Le débat politique va progressivement ce centrer sur deux des éléments clefs de la politique culturelle locale : la construction du centre Bonlieu, et le devenir d’Annecy Action Culturelle. La mise en place d’une “ commission Bonlieu ” marque une étape dans la construction d’une politique culturelle locale, en ce sens qu’elle engage nombre d’acteurs dans une démarche de formalisation de la politique culturelle, et par voie de conséquence dans un processus d’institutionnalisation appuyé sur les deux éléments clefs que forment l’équipement central et son corollaire indispensable, la structure de gestion.

Notes
379.

Philippe Urfalino a appelé cette construction “ les privilèges du théâtre ” en s’appuyant sur le fait que les troupes de la décentralisation théâtrale étaient la clef du fonctionnement des maisons de la culture, pour des raisons esthétiques, en raison de la force intrinsèque attribuée à la représentation dramatique, mais aussi plus prosaïquement pour des motifs budgétaires qui permettaient de faire d’une pierre deux coups : occuper centralement les maisons de la culture et “ placer ” les troupes.
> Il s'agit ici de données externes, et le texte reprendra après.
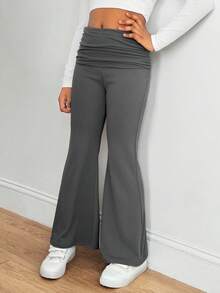 SHEIN Tween Girls' Basic Casual Knit High Waist Ruched Slim Flare Pants, Back To School - Grey - View 6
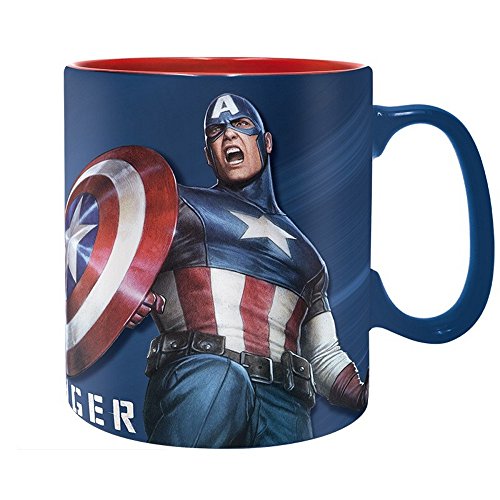 Marvel Comics - Taza de cerámica gigante de 460 ml, Capitán América, Sentinel of Liberty, en caja de regalo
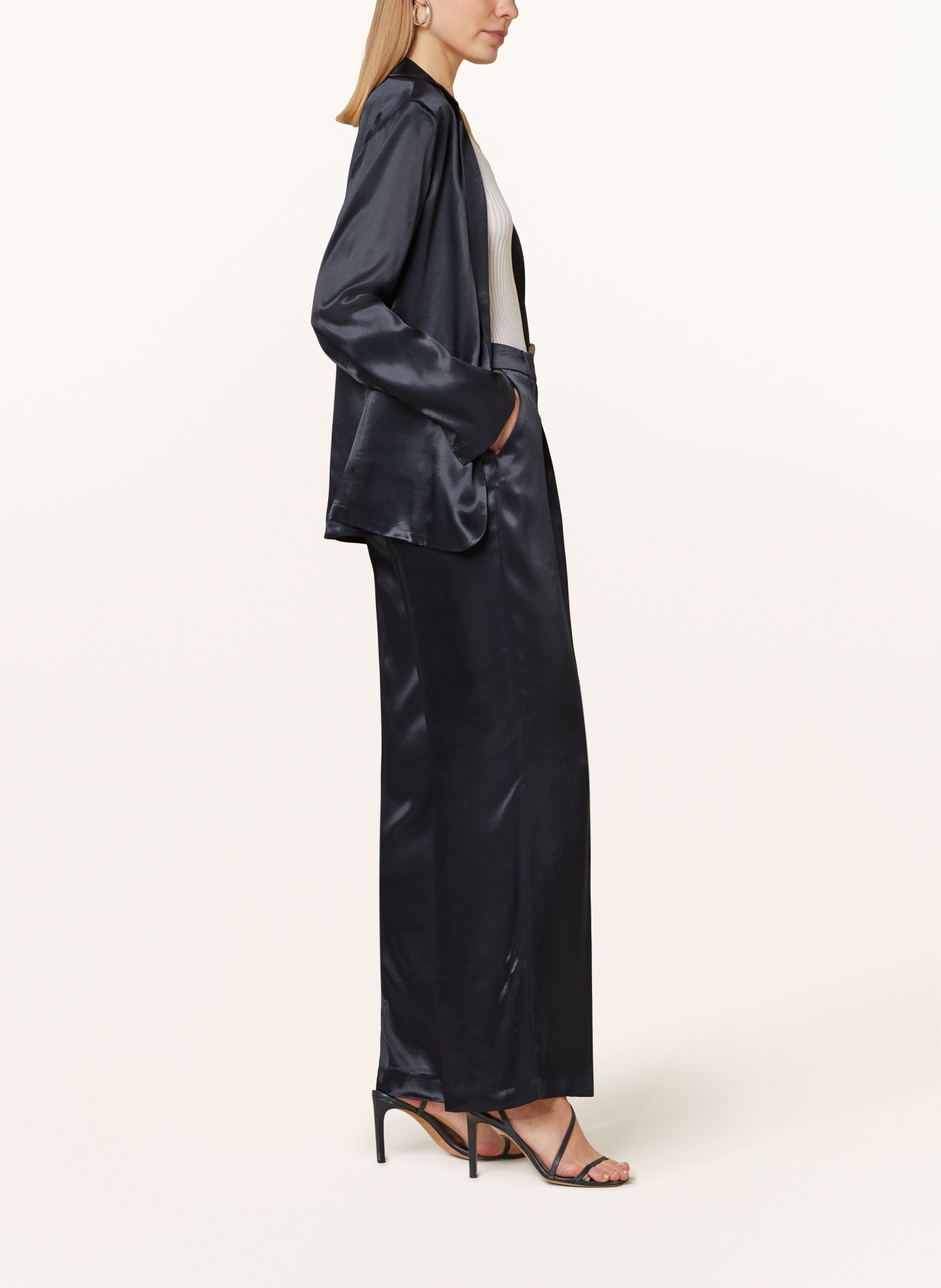 someday Wide leg trousers CATIN in satin, Color: DARK BLUE (Image 4)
Philippe Urfalino, L’invention de la politique culturelle, p.185 et suiv.

380.

Patricia Devaux note qu’en France, par un concours de circonstances tout à fait spécifique, la tradition du théâtre politique a emprunté des formes en réalité classiques, puisées à des sources presque exclusivement françaises, venant d’une inscription très large des metteurs en scène subventionnés dans une optique réaliste, avec une volonté pédagogique manifeste. Patricia Devaux nomme cette forme “ un réalisme socialiste à la française ”. Patricia Devaux, “ Le théâtre, scène politique de la Libération à la Guerre Froide ”, Revue Française d’Histoire des Idées Politiques, Paris, n° 8, 1998.

381.

Il faut rappeler qu’à cette période, Gisèle Halimi est en outre une des figures de proue de la mobilisation en faveur de la légalisation de l’interruption volontaire de grossesse, avec le mouvement Choisir, qui trouvera son débouché législatif dans la loi proposée par Simone Veil et votée en janvier 1975. L’auteur du texte de référence de la pièce est donc doublement marqué quant à son engagement contre la société traditionnelle.

382.

Sur les créations du Théâtre Eclaté dans sa période annécienne nous disposons d’un document réalisé par Le Centre d’Action Culturelle Bonlieu en 1987, Une aventure artistique : Le Théâtre Eclaté d’Annecy et sa collaboration avec le Centre d’Action Culturelle, Annecy, 1987.

383.

Les images des parades du Théâtre Eclaté à l’occasion de ses créations en 1972, et notamment les grosses têtes, ont été reproduites dans une publication des Musées de l’Agglomération d’Annecy, Théâtres dans la cité, Annecy, 2005.

384.

Cité dans le document référencé plus haut.

385.

AMA, 2 mi 233.

386.

AMA, 2 mi 233,séance du 24 octobre 1972.

387.

On peut noter au passage que les critiques cités dans la brochure de 1987 n’écrivent pas tous dans des journaux d’extrême gauche : ainsi Jean Jacques Lerrant du Progrès de Lyon, Mathieu Galley du Quotidien de Paris. Tous soulignent, outre l’engagement politique d’Alain Françon, la qualité de son travail dramatique.

388.

Cf. Rémy Rieffel :  L’après-mai, les intellectuels et la politique culturelle ”, dans Les affaires culturelles au temps de Jacques Duhamel, 1971-1973, op.cit., p. 105 et suiv.

389.

Pascale Goetschel et Emmanuelle Loyer, “ Une politique contractuelle pour les théâtres ”, dans Les affaires culturelles au temps deJacques Duhamel, op. cit., p. 355 et suiv.

390.

Archives de la FOL, conseil d’administration du 20 octobre 1973.

391.

Conseil fédéral de la FOL du 22 janvier 1972. La commission des affaires culturelles, dans sa séance du 2 novembre 1971, avait refusé le projet présenté par le Libre Elan et la FOL de préfigurer un travail de création théâtral au motif que cela faisait double emploi avec la mise sur pied d’Annecy Action Culturelle .

392.

Témoignage de Jean-Paul Defrance, alors chef de service éducatif du Logis (entretien non enregistré du 21 février 2003).

393.

Comme le note Gil Delannoi, Les années utopiques, 1968-1978, op. cit., p. 77 et suiv., “ Comment la sociologie connut un triomphe éphémère ”.